Pediatric residents may work 80 hours a week, so engaging them in a children’s hospital’s community health efforts may seem impossible. But building a bridge between community health and future physicians can lead to stronger advocacy, community engagement, and greater public trust.
Jason Yaun, MD, division chief of Outpatient Pediatrics and associate program director of the Pediatric Residency Program at Le Bonheur Children’s Hospital and The University of Tennessee Health Science Center, stresses residents’ important role in community health advocacy. Born and raised in Memphis, he pursued a career taking care of children in his hometown.
“I grew up in Memphis, and I had a very different experience than probably many of the children in our city,” Yaun said. “One day, I just decided to stay here in the heart of Memphis and provide high-quality care to kids who need it, who might not otherwise have that opportunity.”
Yaun addressed Children’s Hospital Association’s Community Health Affinity Group, discussing the value of training pediatric residents to be community health advocates.
What initiatives do you have in place to engage residents in community health?
We know residents are working 80 hours a week, and it can be difficult to gather them. Our team is mindful of their schedules and working around their needs. A committee of community outreach staff, program leadership, communications, and chief residents meet monthly to tap into our residents’ energy. Even if we can get a few of them engaged at any given time, their knowledge can help advance our efforts. They’re the ones with the energy. They may not have the titles or the renown, but they’ve got the passion.
An important part of this work is also training the next generation of physician leaders. Residents receive training in how to interact with the media, conduct themselves on social media, and be physician advocates, including what that looks like for a practicing clinician, how to communicate with legislators and policymakers, and how to harness their experiences and stories for change.
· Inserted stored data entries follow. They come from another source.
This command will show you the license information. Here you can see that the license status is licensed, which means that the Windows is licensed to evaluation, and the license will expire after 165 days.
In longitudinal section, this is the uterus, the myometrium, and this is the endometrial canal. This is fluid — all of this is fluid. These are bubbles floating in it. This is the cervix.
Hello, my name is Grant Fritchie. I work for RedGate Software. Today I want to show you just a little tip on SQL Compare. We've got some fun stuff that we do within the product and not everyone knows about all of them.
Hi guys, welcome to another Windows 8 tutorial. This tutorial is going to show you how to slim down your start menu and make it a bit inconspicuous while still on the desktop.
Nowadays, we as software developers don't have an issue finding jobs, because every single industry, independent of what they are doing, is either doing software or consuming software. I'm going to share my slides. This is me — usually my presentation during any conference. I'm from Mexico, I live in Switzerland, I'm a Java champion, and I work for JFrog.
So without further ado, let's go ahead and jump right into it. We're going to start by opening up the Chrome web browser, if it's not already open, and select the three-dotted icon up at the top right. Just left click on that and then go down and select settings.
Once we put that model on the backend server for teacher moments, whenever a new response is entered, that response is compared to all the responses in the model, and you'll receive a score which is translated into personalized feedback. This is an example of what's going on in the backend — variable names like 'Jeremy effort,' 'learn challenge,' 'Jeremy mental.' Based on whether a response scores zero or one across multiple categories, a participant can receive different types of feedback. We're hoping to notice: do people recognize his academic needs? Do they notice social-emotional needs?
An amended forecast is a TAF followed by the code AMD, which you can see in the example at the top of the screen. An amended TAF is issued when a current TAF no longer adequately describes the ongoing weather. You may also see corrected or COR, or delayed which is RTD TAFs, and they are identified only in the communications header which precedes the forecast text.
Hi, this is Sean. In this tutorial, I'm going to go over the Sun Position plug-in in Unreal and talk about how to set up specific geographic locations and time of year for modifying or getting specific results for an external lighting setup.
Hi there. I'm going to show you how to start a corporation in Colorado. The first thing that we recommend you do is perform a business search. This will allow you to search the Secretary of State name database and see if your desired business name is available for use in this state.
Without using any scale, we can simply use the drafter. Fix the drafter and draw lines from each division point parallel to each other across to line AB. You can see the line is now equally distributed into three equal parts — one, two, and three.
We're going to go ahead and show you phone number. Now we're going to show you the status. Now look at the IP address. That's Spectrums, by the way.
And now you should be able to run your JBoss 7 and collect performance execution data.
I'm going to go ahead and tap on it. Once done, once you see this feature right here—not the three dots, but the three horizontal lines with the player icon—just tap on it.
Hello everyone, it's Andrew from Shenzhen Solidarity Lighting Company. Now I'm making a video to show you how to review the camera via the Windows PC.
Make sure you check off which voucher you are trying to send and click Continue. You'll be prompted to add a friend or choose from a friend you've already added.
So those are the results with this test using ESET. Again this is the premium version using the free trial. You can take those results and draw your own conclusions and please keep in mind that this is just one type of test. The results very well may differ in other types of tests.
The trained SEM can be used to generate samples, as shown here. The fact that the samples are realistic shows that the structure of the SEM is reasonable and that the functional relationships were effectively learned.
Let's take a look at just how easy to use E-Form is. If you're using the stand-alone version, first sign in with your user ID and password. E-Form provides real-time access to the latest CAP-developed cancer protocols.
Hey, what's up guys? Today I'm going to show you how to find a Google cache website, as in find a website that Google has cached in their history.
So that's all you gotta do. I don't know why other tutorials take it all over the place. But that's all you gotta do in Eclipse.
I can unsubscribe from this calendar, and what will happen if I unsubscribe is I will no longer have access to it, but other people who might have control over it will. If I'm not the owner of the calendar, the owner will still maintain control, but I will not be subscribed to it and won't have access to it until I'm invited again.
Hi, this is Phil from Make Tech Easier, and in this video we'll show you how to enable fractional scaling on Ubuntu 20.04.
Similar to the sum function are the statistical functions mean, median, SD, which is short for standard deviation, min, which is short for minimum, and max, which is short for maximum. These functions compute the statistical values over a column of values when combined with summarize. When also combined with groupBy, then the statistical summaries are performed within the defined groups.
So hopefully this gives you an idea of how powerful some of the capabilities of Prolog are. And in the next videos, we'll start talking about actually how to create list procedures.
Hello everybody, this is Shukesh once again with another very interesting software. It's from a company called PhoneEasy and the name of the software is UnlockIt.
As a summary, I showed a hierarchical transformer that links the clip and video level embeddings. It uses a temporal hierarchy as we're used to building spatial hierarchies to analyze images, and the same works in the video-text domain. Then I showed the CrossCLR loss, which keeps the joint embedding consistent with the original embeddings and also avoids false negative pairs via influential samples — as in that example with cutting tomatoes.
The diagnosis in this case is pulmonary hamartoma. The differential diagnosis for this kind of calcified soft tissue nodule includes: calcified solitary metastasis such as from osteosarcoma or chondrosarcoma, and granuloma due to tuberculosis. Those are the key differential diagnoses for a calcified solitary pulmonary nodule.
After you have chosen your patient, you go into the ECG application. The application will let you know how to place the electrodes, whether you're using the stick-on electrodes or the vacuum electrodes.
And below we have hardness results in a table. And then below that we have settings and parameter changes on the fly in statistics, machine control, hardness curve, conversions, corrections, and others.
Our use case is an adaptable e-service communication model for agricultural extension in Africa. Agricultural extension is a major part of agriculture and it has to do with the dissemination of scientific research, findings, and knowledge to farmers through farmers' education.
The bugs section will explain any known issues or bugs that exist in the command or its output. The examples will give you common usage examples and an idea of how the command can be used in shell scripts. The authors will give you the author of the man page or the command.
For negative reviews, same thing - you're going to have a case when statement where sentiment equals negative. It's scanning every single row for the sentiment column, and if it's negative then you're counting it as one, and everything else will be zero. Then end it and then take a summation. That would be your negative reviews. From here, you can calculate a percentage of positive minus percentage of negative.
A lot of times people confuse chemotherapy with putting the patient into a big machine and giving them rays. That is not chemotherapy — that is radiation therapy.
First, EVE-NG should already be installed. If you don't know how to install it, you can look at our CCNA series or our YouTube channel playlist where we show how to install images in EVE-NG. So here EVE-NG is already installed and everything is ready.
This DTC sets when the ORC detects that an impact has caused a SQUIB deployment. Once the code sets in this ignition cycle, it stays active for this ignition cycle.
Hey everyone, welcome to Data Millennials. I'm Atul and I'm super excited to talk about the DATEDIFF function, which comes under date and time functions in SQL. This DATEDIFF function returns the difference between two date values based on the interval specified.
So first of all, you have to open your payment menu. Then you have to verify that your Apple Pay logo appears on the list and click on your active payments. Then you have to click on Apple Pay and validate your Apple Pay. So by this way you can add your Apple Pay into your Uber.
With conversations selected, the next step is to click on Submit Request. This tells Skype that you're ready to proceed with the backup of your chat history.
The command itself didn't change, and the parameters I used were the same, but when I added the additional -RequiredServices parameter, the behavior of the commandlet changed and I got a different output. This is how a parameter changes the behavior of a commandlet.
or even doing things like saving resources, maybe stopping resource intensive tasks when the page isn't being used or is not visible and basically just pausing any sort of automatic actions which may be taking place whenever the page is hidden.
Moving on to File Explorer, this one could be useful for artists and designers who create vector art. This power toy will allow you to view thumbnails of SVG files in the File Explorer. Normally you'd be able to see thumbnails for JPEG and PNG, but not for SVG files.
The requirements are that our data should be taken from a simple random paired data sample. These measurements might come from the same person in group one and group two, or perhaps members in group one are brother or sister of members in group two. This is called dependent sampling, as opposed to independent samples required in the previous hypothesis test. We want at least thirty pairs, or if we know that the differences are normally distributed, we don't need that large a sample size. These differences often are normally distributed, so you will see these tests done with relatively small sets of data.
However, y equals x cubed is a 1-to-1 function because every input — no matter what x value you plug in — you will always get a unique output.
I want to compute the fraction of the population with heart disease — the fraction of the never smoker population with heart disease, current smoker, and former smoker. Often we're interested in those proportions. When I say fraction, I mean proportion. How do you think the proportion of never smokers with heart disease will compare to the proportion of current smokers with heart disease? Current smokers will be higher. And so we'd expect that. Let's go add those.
Le Bonheur’s Child Health Advocacy Institute also helps define the gaps in our community and works with community partners on difficult issues impacting children. Hospital leadership, community outreach, government relations, physician leaders, and community organizations collaborate to educate our community and influence policy and legislative change. We’ve been strategic about involving physician leaders because they are often tapped into their national organizations around those issues. They have the knowledge and stories of what they see every day clinically, and we can bring their research and outcomes to these issues.
How do you build community health components into a residency program?
Persistence is key. As residents rotate between the three-year cycles, you have to adjust and adapt as the classes and times change. We have three chief residents per year, and we designate one as the advocacy chief. They are tuned into our community health efforts, consistently attend meetings, provide valuable input, and also translate and provide information on these efforts to their co-residents.
Another constant area of work for us is coordinating how residents can get involved with our programs. For example, if we have a resident who is passionate about swimming safety, they can participate in that program during a lighter rotation. We’ve been successful in integrating these community-based experiences into several of their rotations.
The other approach is to keep them aware of what the hospital is doing. If you are hosting events, programs, or educational sessions, advertise those to your residents. If a couple of residents participate, take your win. It takes time to build those relationships and make residents aware of the great things your hospital is doing.
How do you get longtime physicians involved in the community?
You can engage a physician leader or challenge those who are already involved to invite others into community health initiatives.
Sometimes, especially if you are university-based, part of the physicians’ work includes some type of service. Although it is a small percentage of their work, hold them to that service. This work needs to be measured and recognized. We think about relative value units and educational value units — what about advocacy value units? This work should be valued and understood by both the academic and hospital leadership.
We’ve got to get them to tap into their why. Get them to forget about the phone calls and insurance regulations for a minute and think about the patient and why they went into this profession. Invite them to share a patient encounter or successful collaboration as part of a patient advocacy series or campaign. Patient stories are a great way to remind them why they serve children and get them engaged in the community.
Ultimately, we must encourage resident and physician participation by tapping into their motivations and involving them in community health initiatives through leadership and collaboration.